On appeal from the Superior Court of New Jersey, Chancery Division, Union County.
Before Judges PRESSLER, CONLEY and WALLACE.
Melvin Greenberg argued the cause for appellant ( Greenberg Dauber Epstein, attorneys; Mr. Greenberg and Jeffrey S. Berkowitz, on the brief).
Douglas S. Eakley argued the cause for respondents ( Lowenstein, Sandler, Kohl, Fisher Boylan, attorneys; Mr. Eakley, of counsel and on the brief; Lauren M. Hollender, on the brief).

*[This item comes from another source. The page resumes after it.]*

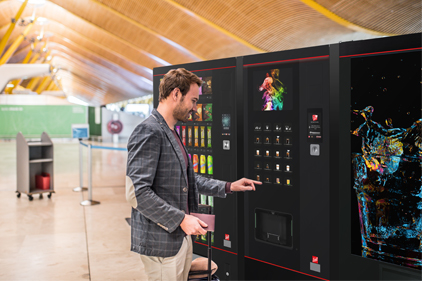 Flughafen Ein Mann an Automaten auf einem Flughafen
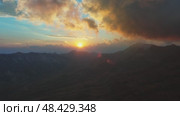 Sunset mountains and dramatic clouds. Стоковое видео, видеограф Михаил Коханчиков / Фотобанк Лори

Plaintiff filed a complaint against defendants alleging antitrust violations and tortious interference with plaintiff's prospective economic benefit. The motion judge granted defendants' motion for summary judgment, holding that while plaintiff had alleged a vertical restraint of trade, it had failed to prove by the "rule of reason" test or by the "per se" violation test, that defendants' conduct constituted a vertical price-fixing agreement. Further, the judge held that while plaintiff could prove some of the elements of tortious interference, it had not produced evidence that defendants had employed "unlawful means," such as fraud, intimidation, misrepresentation or other violations of the law.
At oral argument, plaintiff limited its argument on the antitrust claim to contending that it had presented sufficient evidence to prove a per se violation, thus abandoning any claim based on the rule of reason. Additionally, plaintiff continued to urge that defendants' conduct constituted tortious interference.
We reject plaintiff's contentions. A vertical restraint is not illegal per se unless it includes some agreement on price or price levels. See Business Electronics v. Sharp Electronics, 485 U.S. 717, 735-36, 108 S.Ct. 1515, 1525-26, 99 L.Ed.2d 808, 823-25, cert. denied, 486 U.S. 1005, 108 S.Ct. 1727, 100 L.Ed.2d 192 (1988). Evidence of price-fixing is lacking here. Further, plaintiff failed to meet all of the requirements to prove a claim for tortious interference. See Printing Mart-Morristown v. Sharp Electronics., 116 N.J. 739 , 563 A.2d 31 (1989).
The judgment of the Chancery Division is affirmed substantially for the reasons expressed by Judge Boyle in his opinion reported at 307 N.J. Super. 546, 704 A.2d 1364 (Ch.Div. 1996).